Notre Dame President Rev. John Jenkins sent an e-mail to students, faculty, staff and alumni that says the school failed to protect a student videographer who was killed, according to a report from the Associated Press.
Declan Sullivan died Oct. 27 when a hydraulic scissor lift he was on toppled over while he was filming practice on a day when winds gusted to more than 50 miles per hour.
The e-mail was sent Friday afternoon saying that the school and he as president are responsible. He also wrote that words cannot express the school's sorrow to the Sullivan family and to all involved, according to the AP.
The university also announced Friday that it would turn over its findings and recommendations from its internal investigation into the accident to Peter Likins, the former president of the University of Arizona.
"In selecting someone to review our investigation, I sought an individual experienced in higher education, with an impeccable reputation for integrity, intellect and independence," Jenkins said in a news release. "In Dr. Likins, we are fortunate to have just such a man. He brings numerous credentials to this assignment: as a world-renowned engineer; as a university administrator who served as provost at Columbia and president at Lehigh and Arizona; as a highly regarded member of numerous NCAA committees; and as a member of the Knight Commission on Intercollegiate Athletics.

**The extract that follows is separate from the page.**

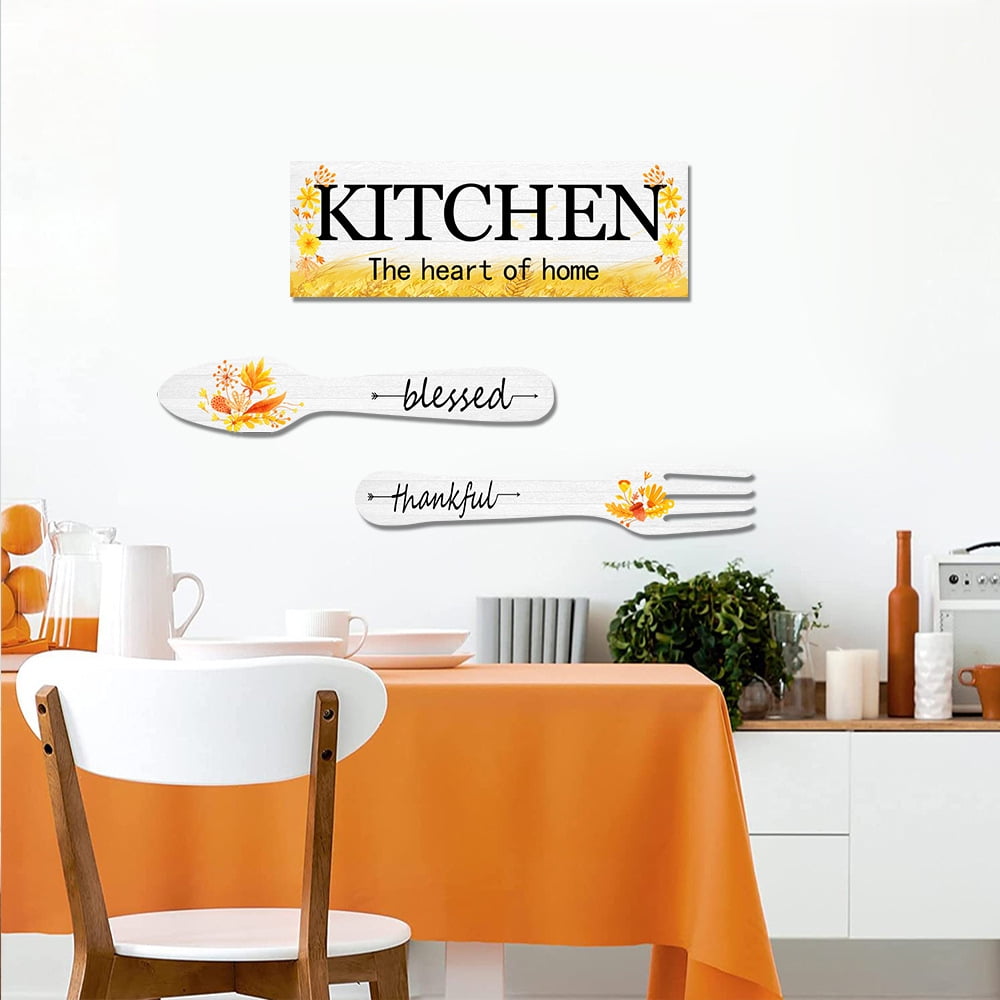 3 Pieces Sunflower Kitchen Decor Spring Decorations Blessed Thankful Wooden Hanging Sign Sunflower Gifts Wall Art Decor Farmhouse Summer Home Decor for Kitchen — image 2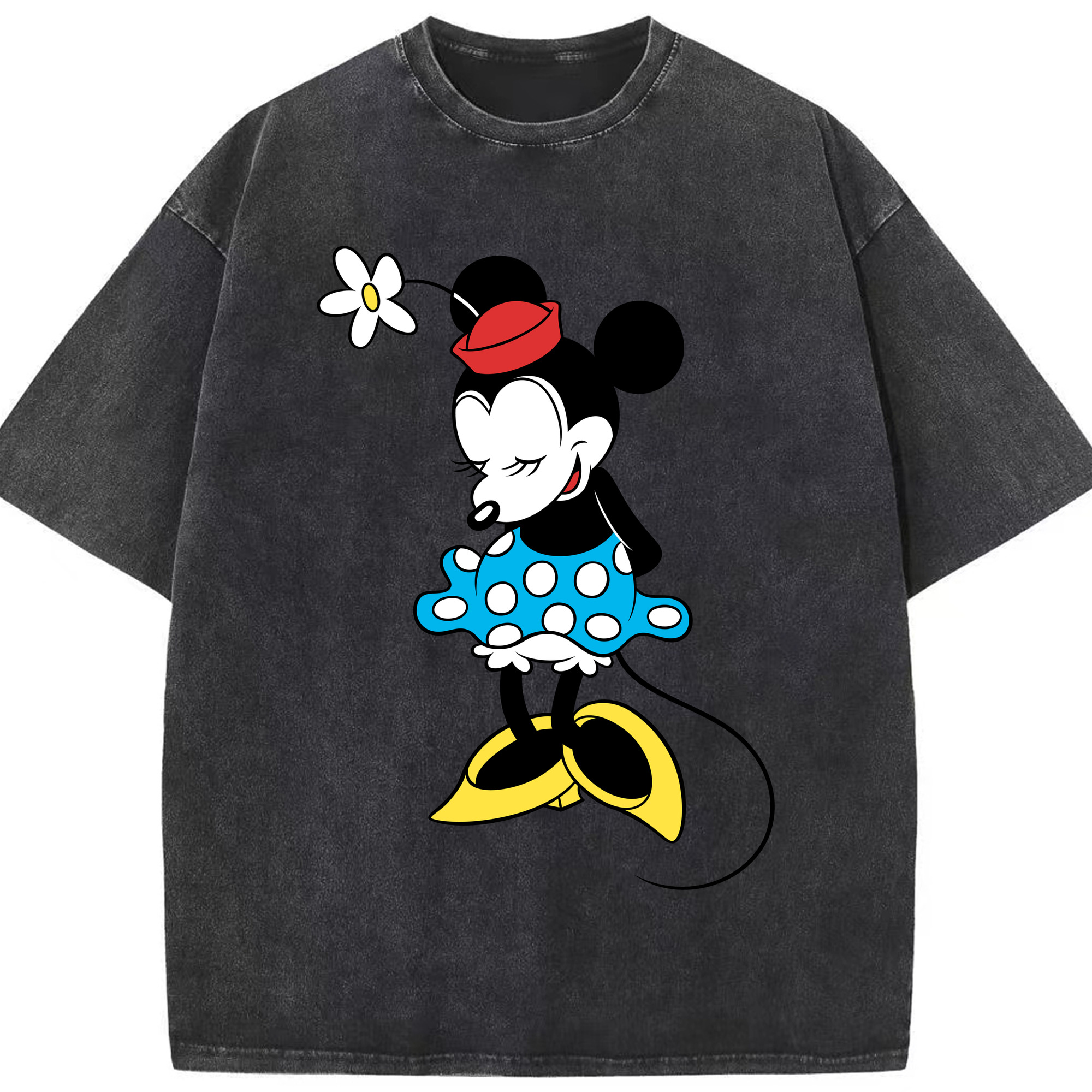 （画像用） ミッキーマウス Mickey Mouse 綿100% ヴィンテージ風 半袖Tシャツ（フロントプリント）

"Investigations and external reviews such as this take time, but I assure you that, when complete, we will issue a public report on the outcome, including information on the events of the afternoon of Oct. 27, any institutional ramifications, and recommendations for safety policies in the future."
Likins was president at the University of Arizona from 1997 to 2006. He was also president of Lehigh University in Bethlehem, Pa., for 15 years and was provost at Columbia University, where he also was a professor and dean of the School of Engineering and Applied Science
Likins earned a bachelor's degree in civil engineering at Stanford, a master's degree in civil engineering at the Massachusetts Institute of Technology and a doctorate in engineering mechanics at Stanford.
He was a member of the Knight Commission from 2004 until his retirement and served on the NCAA Board of Directors and as a charter member of the NCAA Presidents' Commission.